■ **YOUR TASK**:
Repeat only what runs from the line with "Upprepa viloläge för viloläge hoodie" through the last line of the data below, both included, keeping every word as it is and leaving out the pictures.

■ **SOURCE DATA**:
Segment Open
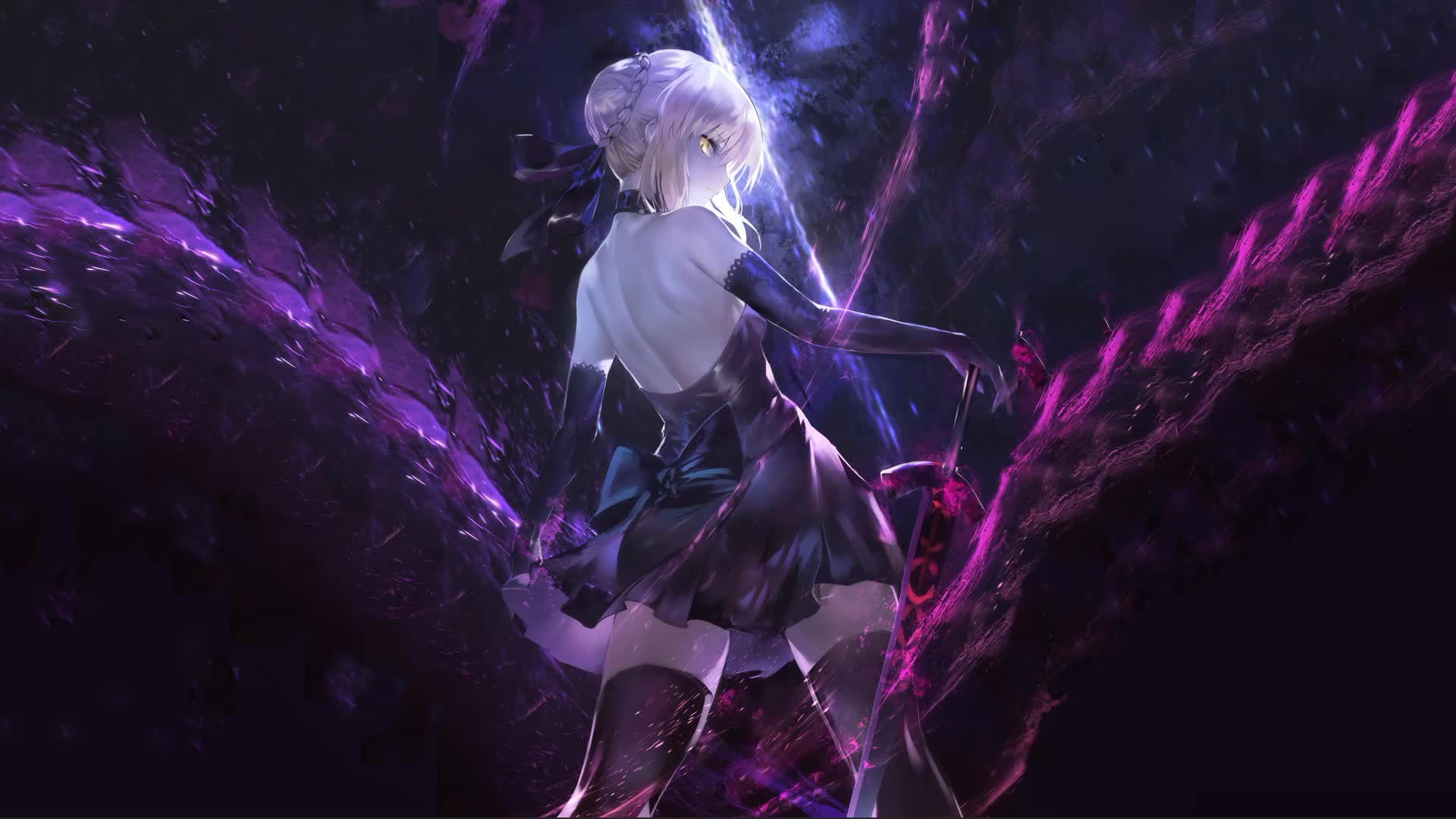 Saber Alter Fate Stay Night Live Desktop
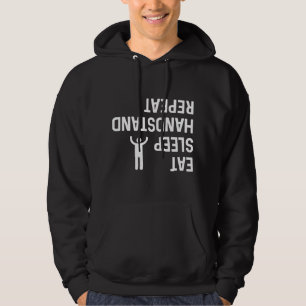 Upprepa viloläge för viloläge hoodie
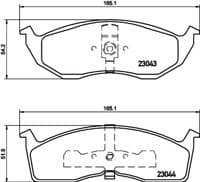 Bremžu uzliku kompl., Disku bremzes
Segment Closed
■ **RESPONSE AREA**:
 Upprepa viloläge för viloläge hoodie
 Bremžu uzliku kompl., Disku bremzes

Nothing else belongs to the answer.